#### Dataset records
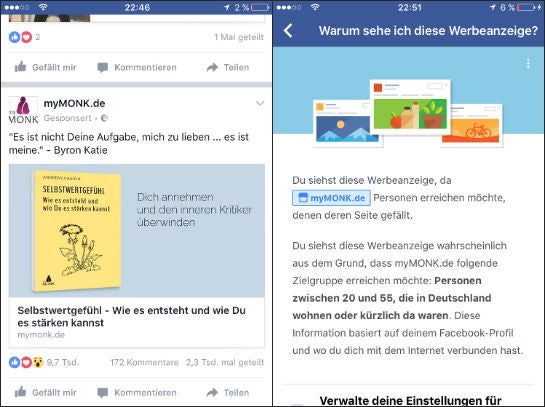 Eine Facebook-Anzeige von MyMonk, inklusive der Informationen von Facebook, warum diese Anzeige ausgespielt wurde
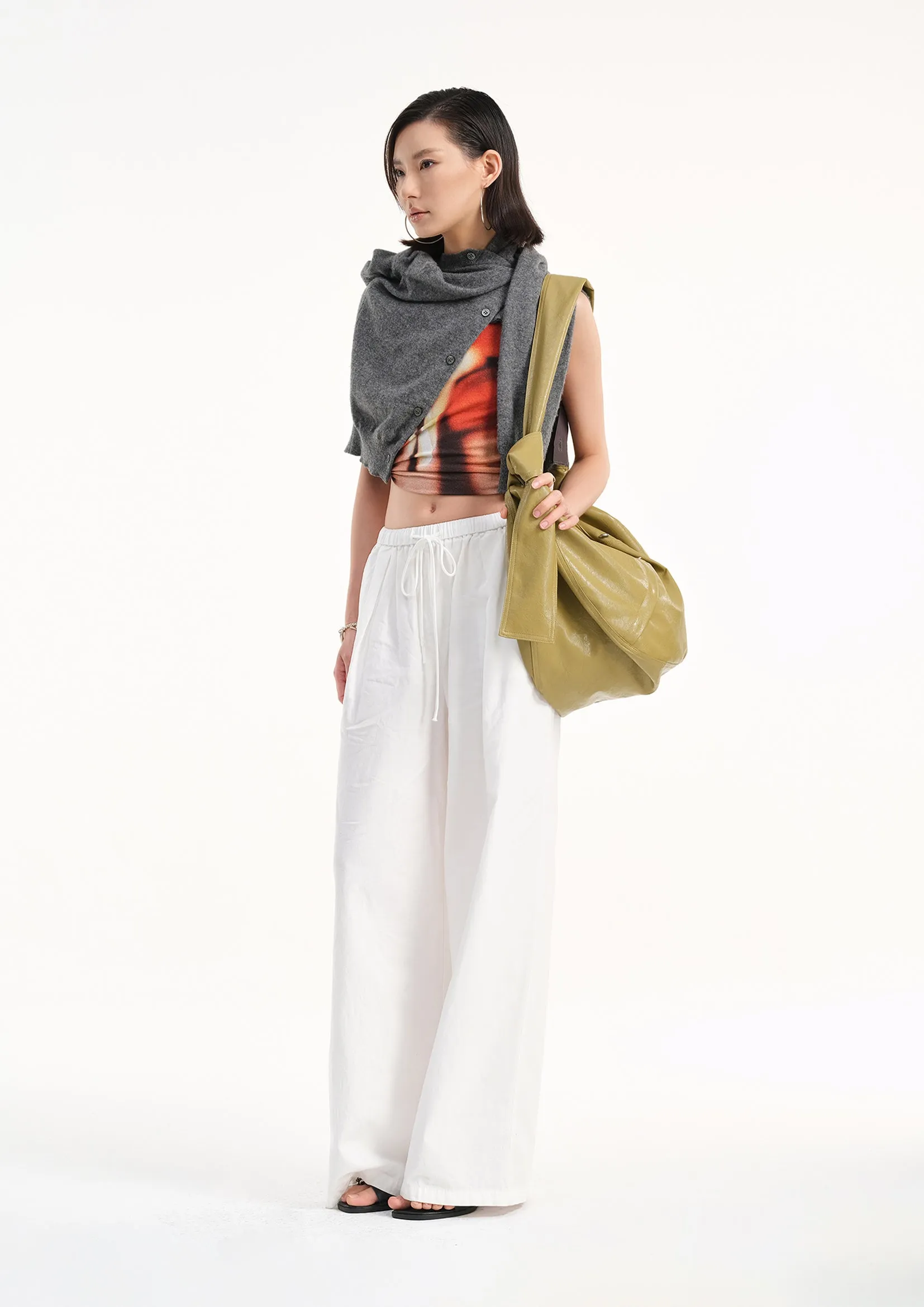 Vegan leather large dumpling bag - mustard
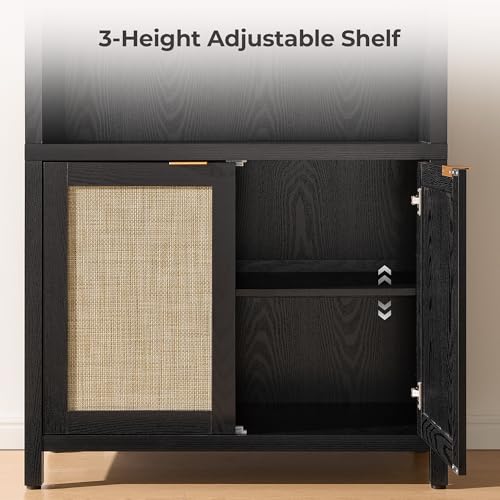 Image of SICOTAS 84.2 inch Tall Arched Bookcase with Doors - 5 Tier Rattan Bookshelf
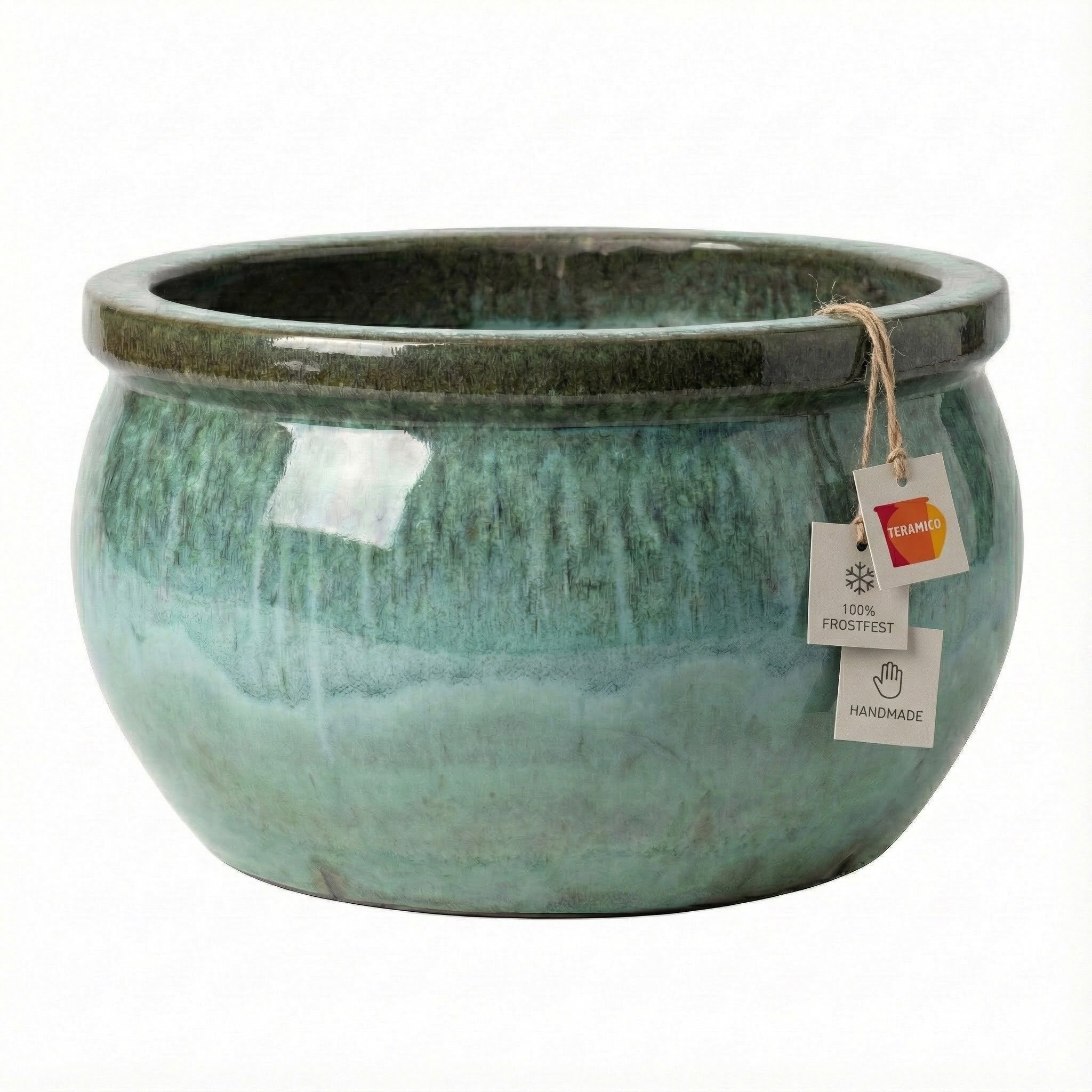 Teramico Pflanzkübel Pflanzschale flach "Moosgrün" – Ø 24 bis 49 cm – Massives Steinzeug, 100% Frostfest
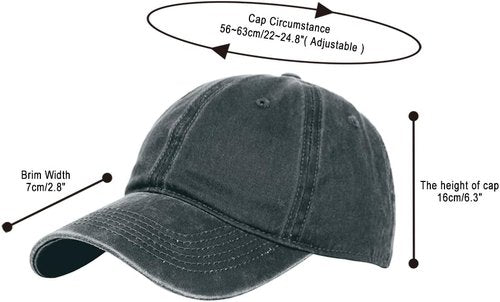 Glamorstar Classic Unisex Baseball Cap - Adjustable Washed Cotton Ball Hat in Stylish Colors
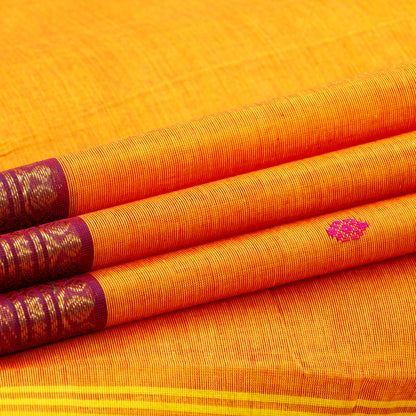 Yellow Kanchi Cotton Saree Ganga Jamuna Border For Festive Wear PV MM KC 764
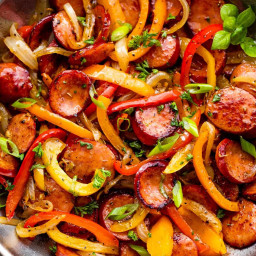 Smoky Sausage and Peppers Skillet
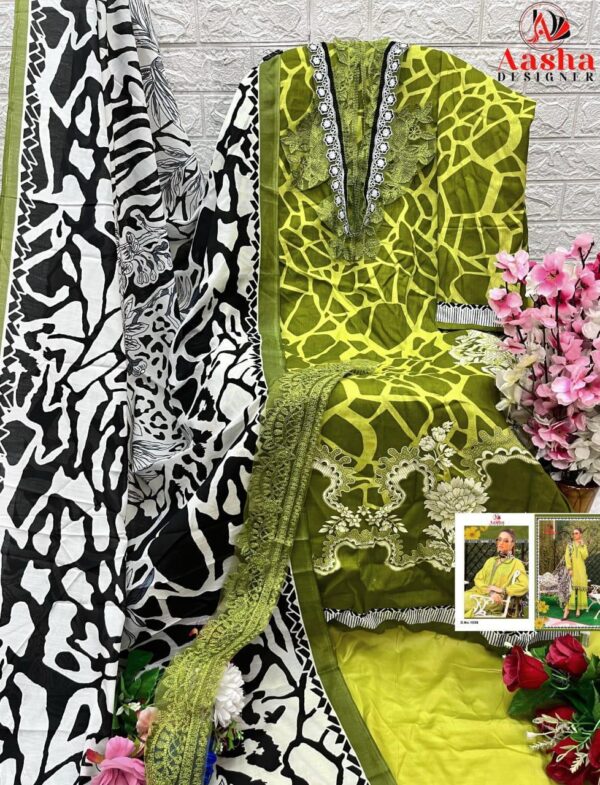 Olive Green Aasha Designer Pure Cotton Printed Suit with Patch Embroidery & Chiffon Dupatta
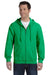 Gildan G186 Mens Full Zip Hooded Sweatshirt Hoodie Irish Green Front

#### Task brief
The lines above should be transcribed exactly, with every image removed.

#### Expected answer
 Eine Facebook-Anzeige von MyMonk, inklusive der Informationen von Facebook, warum diese Anzeige ausgespielt wurde
 Vegan leather large dumpling bag - mustard
 Image of SICOTAS 84.2 inch Tall Arched Bookcase with Doors - 5 Tier Rattan Bookshelf
 Teramico Pflanzkübel Pflanzschale flach "Moosgrün" – Ø 24 bis 49 cm – Massives Steinzeug, 100% Frostfest
 Glamorstar Classic Unisex Baseball Cap - Adjustable Washed Cotton Ball Hat in Stylish Colors
 Yellow Kanchi Cotton Saree Ganga Jamuna Border For Festive Wear PV MM KC 764
 Smoky Sausage and Peppers Skillet
 Olive Green Aasha Designer Pure Cotton Printed Suit with Patch Embroidery & Chiffon Dupatta
 Gildan G186 Mens Full Zip Hooded Sweatshirt Hoodie Irish Green Front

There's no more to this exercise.